W najtrudniejszej sytuacji są placówki prowadzone przez stowarzyszenia. To często najmniejsze szkoły, które funkcjonują dzięki wysiłkowi rodziców. Pracuję w małej wiejskiej szkole, ale prowadzonej przez stowarzyszenie, tu nie ma żadnej szansy na to, że ktoś dołoży złotówkę na cokolwiek, więc o zakupie pomocy dydaktycznych raczej nie ma mowy - informuje jeden z nauczycieli.

Na reformie zyskały szkoły wiejskie, które połączyły się z gimnazjami - mają teraz nowe budynki i wyposażone pracownie. Małe placówki mają same kłopoty: brak pracowni, brak kadry, problemy z dostosowaniem planu lekcji. Dzieci często muszą uczyć się na dwie zmiany. W małej wiejskiej z oddziałem przedszkolnym: 8 nauczycieli zatrudnionych na cały etat i 14 niepełnoetatowców.
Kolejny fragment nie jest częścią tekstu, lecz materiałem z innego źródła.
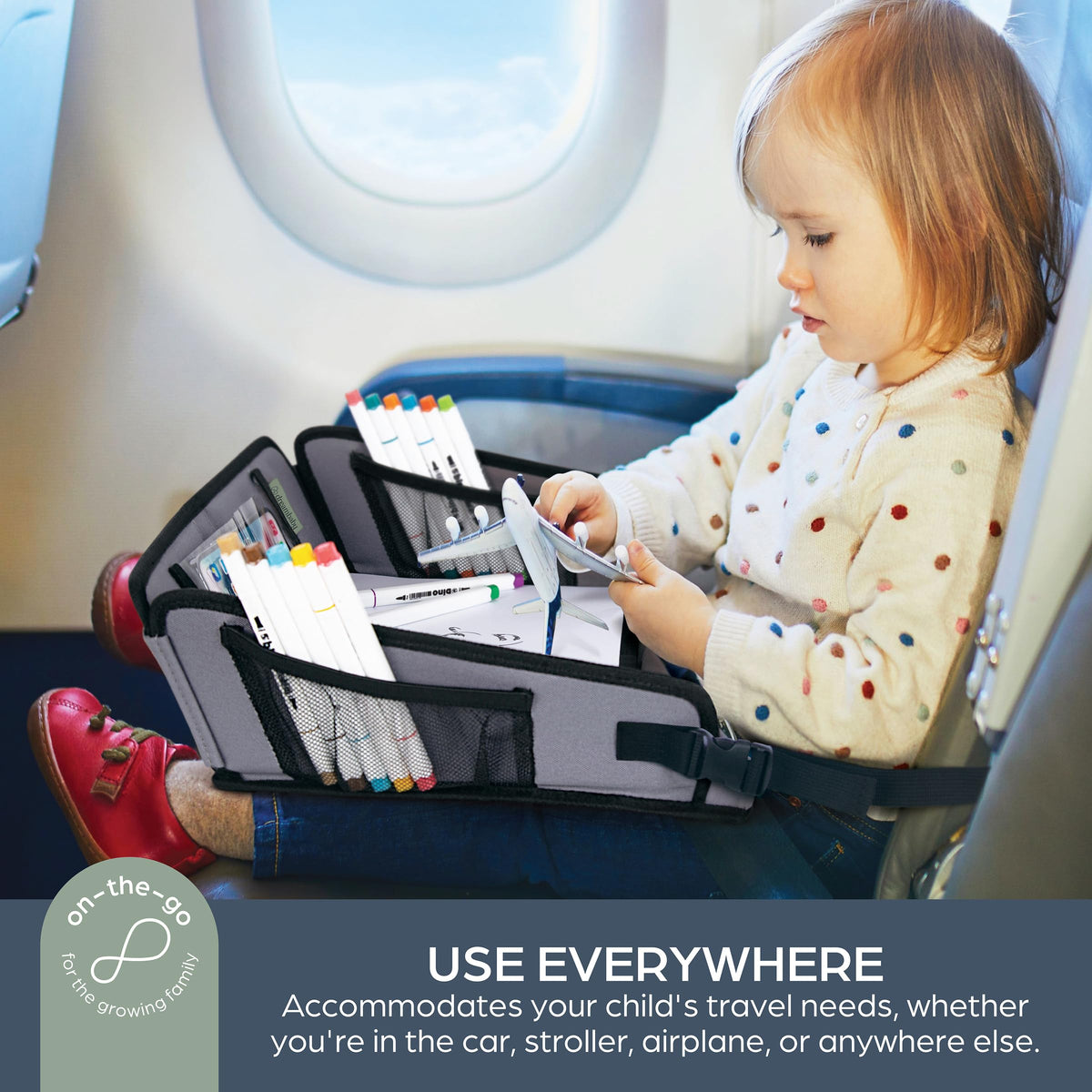 Dreambaby tablet placed in holder for hands-free viewing while traveling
Jak tu organizować pracę? - skarży się jeden z członków OSKKO.

Wędrujący nauczyciele

Dużym wyzwaniem dla dyrektorów szkół są nauczyciele pracujący na cząstkowych etatach w dwóch, trzech, a nawet czterech szkołach. Nie będą do końca związani z żadną szkołą. Praca nauczyciela to nie tylko przeprowadzenie lekcji, ale wiele pozalekcyjnych spotkań, kontaktów z zespołem nauczycieli, z uczniami i rodzicami. Tam będzie tylko "usługa edukacyjna" - np. przeprowadzenie lekcji chemii - dyrektor jednej z placówek.

Olbrzymie problemy dyrektorzy mają także z ułożeniem planów lekcji. Lekcje chemii i fizyki na 6, 7 lekcji. Problem z zastępstwami. Ci nauczyciele mają często godzinę przerwy na dojazd do następnego miejsca pracy. Nauczyciele zatrudnieni tylko w mojej szkole muszą dostosować się do planu i są, za przeproszeniem, "zapchajdziurą" - gorzko ocenia jeden z dyrektorów.

Niejasne przepisy

Sen z powiek spędza dyrektorom przekształcanych szkół niejasna sytuacja prawna. Wiele niewiadomych - skarżą się członkowie OSKKO. Urząd Skarbowy, GUS, ZUS, a nawet RIO nie potrafią udzielić odpowiedzi, dać wskazówek. Przy przekształcaniu zespołu w szkołę podstawową (...) rozbieżności w interpretacji przepisów - pisze jeden z dyrektorów i zastanawia się, czy powinien używać NIP zespołu szkół, czy może użyć NIP szkoły podstawowej.